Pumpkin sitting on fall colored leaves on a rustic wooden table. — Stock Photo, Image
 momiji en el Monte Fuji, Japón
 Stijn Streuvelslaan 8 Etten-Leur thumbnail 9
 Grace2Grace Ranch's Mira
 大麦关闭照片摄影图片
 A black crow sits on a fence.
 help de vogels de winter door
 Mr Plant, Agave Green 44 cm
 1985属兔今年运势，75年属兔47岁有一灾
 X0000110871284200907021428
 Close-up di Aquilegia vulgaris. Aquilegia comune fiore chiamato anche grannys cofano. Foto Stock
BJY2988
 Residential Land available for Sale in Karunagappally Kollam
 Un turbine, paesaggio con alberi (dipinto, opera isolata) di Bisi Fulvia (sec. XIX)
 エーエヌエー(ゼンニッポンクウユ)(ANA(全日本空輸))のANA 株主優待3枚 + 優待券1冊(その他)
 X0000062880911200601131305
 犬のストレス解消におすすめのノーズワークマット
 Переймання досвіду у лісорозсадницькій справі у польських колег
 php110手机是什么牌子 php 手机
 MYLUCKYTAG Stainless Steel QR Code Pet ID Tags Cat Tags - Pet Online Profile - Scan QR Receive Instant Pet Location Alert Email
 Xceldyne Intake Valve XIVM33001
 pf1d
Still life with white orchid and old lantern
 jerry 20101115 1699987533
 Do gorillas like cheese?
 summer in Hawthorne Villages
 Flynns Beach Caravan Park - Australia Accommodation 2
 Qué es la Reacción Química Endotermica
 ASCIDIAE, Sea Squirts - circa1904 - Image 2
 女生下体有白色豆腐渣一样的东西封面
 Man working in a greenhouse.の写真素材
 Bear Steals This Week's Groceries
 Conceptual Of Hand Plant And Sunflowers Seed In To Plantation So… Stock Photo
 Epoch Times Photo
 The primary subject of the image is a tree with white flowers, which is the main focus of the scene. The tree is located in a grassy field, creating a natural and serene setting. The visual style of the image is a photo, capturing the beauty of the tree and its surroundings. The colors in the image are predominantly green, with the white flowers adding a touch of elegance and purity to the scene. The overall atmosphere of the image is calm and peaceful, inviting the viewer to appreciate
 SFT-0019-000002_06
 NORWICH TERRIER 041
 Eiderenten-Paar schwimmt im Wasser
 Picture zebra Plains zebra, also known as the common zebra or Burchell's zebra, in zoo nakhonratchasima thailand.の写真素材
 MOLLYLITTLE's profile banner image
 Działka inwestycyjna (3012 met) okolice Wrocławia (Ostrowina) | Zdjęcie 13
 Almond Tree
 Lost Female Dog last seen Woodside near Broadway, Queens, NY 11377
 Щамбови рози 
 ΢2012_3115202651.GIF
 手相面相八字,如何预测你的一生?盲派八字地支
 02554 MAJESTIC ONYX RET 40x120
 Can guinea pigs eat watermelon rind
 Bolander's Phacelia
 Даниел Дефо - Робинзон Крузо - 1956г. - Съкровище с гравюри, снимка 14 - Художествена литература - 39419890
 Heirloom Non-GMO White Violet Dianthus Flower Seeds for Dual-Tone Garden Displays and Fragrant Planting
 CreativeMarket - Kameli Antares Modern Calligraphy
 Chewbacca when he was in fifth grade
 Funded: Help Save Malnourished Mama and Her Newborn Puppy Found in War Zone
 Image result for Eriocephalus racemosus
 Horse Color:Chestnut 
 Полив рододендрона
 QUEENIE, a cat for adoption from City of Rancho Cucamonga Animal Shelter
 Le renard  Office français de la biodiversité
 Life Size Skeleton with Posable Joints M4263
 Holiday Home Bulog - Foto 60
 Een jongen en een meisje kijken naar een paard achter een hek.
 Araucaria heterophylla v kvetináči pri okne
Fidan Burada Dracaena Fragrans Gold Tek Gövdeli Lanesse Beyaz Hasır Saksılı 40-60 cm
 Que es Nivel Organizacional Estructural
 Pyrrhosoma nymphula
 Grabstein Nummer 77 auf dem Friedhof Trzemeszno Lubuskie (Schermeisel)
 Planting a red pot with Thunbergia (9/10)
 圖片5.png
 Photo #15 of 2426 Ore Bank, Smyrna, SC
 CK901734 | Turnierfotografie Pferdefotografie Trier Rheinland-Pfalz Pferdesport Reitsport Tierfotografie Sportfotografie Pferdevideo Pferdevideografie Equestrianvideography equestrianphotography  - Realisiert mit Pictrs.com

Exercise aim: Up to and including the line with "Man working in a greenhouse.の写真素材", print every line of the material above, starting from its first line, exactly.

Result below:
Pumpkin sitting on fall colored leaves on a rustic wooden table. — Stock Photo, Image
 momiji en el Monte Fuji, Japón
 Stijn Streuvelslaan 8 Etten-Leur thumbnail 9
 Grace2Grace Ranch's Mira
 大麦关闭照片摄影图片
 A black crow sits on a fence.
 help de vogels de winter door
 Mr Plant, Agave Green 44 cm
 1985属兔今年运势，75年属兔47岁有一灾
 X0000110871284200907021428
 Close-up di Aquilegia vulgaris. Aquilegia comune fiore chiamato anche grannys cofano. Foto Stock
BJY2988
 Residential Land available for Sale in Karunagappally Kollam
 Un turbine, paesaggio con alberi (dipinto, opera isolata) di Bisi Fulvia (sec. XIX)
 エーエヌエー(ゼンニッポンクウユ)(ANA(全日本空輸))のANA 株主優待3枚 + 優待券1冊(その他)
 X0000062880911200601131305
 犬のストレス解消におすすめのノーズワークマット
 Переймання досвіду у лісорозсадницькій справі у польських колег
 php110手机是什么牌子 php 手机
 MYLUCKYTAG Stainless Steel QR Code Pet ID Tags Cat Tags - Pet Online Profile - Scan QR Receive Instant Pet Location Alert Email
 Xceldyne Intake Valve XIVM33001
 pf1d
Still life with white orchid and old lantern
 jerry 20101115 1699987533
 Do gorillas like cheese?
 summer in Hawthorne Villages
 Flynns Beach Caravan Park - Australia Accommodation 2
 Qué es la Reacción Química Endotermica
 ASCIDIAE, Sea Squirts - circa1904 - Image 2
 女生下体有白色豆腐渣一样的东西封面
 Man working in a greenhouse.の写真素材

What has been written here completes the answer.